What Bespoke Shoes Can Teach Us About AI

I have always had a weakness for leather shoes and well tailored clothes.

Not in a loud or logo driven way, but in the quiet details. The weight of good leather. The way a shoe creases after a few wears. The balance between structure and softness in something made to last. There is a particular satisfaction that comes from owning things that were clearly made with care by someone who knew exactly what they were doing.

Recently, I bought a new pair of leather shoes. Nothing experimental. Nothing trendy. Just beautifully made. As I held them, what caught me was not the brand or the price, but the craftsmanship. The stitching. The finish. The restraint. It was obvious that this was not the result of a template being filled in. Someone had made deliberate choices about what mattered and what did not.

That moment stayed with me longer than I expected.

At the same time, I had been wrestling with a very different kind of craftsmanship at work. AI generated code. Lots of it. Code that technically worked, but felt heavy. Verbose. Over engineered. Code that solved the problem, but did not respect it.

Standing there with those shoes in my hands, the connection became hard to ignore.

We already understand this dynamic in the physical world. Handmade shoes, bespoke suits, and hand sewn garments continue to command a premium even when cheaper alternatives are everywhere.

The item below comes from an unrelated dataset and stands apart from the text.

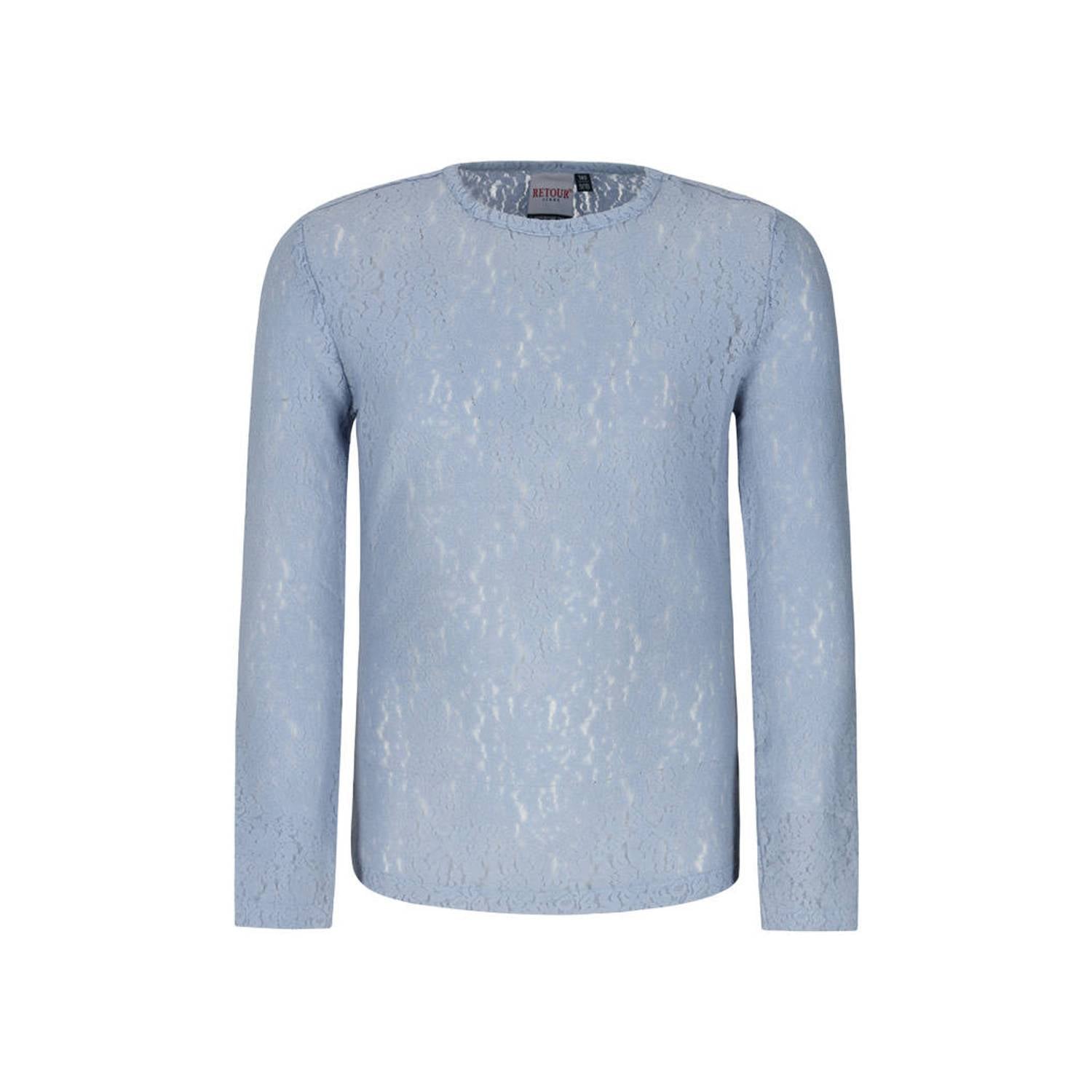 Retour Jeans kanten rechtvallende gebloemde longsleeve lichtblauw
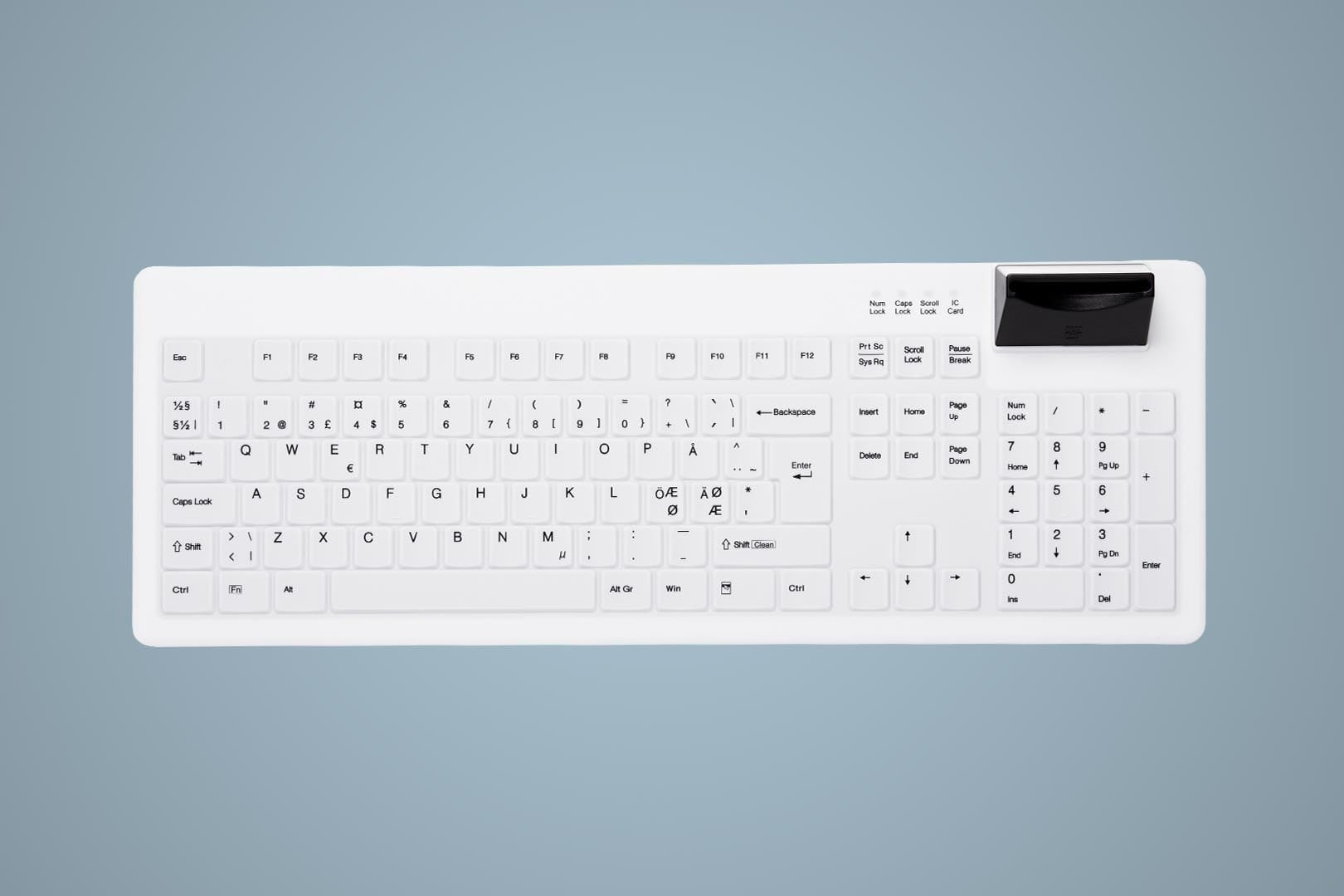 Active Key Med Keyboard SmartCard Full-Size W Black & White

This is not nostalgia and it is not anti automation. Factories are remarkable. They deliver scale, consistency, and access. But factories optimise for volume. Craft optimises for judgment.

AI today behaves much more like a factory than a craftsman.

It is extraordinarily good at producing output at scale. Text. Code. Ideas. Structures. It does not get tired. It does not hesitate. But it also does not possess taste. It does not know when something is sufficient. It does not feel the weight of unnecessary complexity.

This is where I see teams getting into trouble.

I have walked into codebases where AI has clearly done most of the writing. Everything works, but the system feels bloated. Endless layers. Excessive abstraction. Functions that say too much and mean too little. The code reads like a transcript of every possible thought rather than a set of intentional decisions.

The problem is not that AI wrote the code. The problem is that no one edited it meticulously.

In craftsmanship, removal is as important as creation. A good tailor does not just add fabric. They cut it away. A good shoemaker knows when a stitch is unnecessary. The value comes from deciding what should not exist.

That is the responsibility of the software engineer.

AI should not be asked to decide what you want. It should be asked to help you execute what you already understand. When you know the shape of the system you are building, AI can accelerate you. When you do not, it will happily generate something generic, verbose, and forgettable.

The highest leverage engineers are not those who produce the most code. They are the ones who enforce taste. They shape systems through constraint. They protect clarity. They treat software less like raw output and more like a finished object that someone else must live with.

Just as bespoke shoes coexist with factory sneakers, carefully crafted software will continue to matter in a world full of generated output. Abundance does not remove the premium on quality. It makes it more visible.

Engineers who work with care and precision will always command a premium.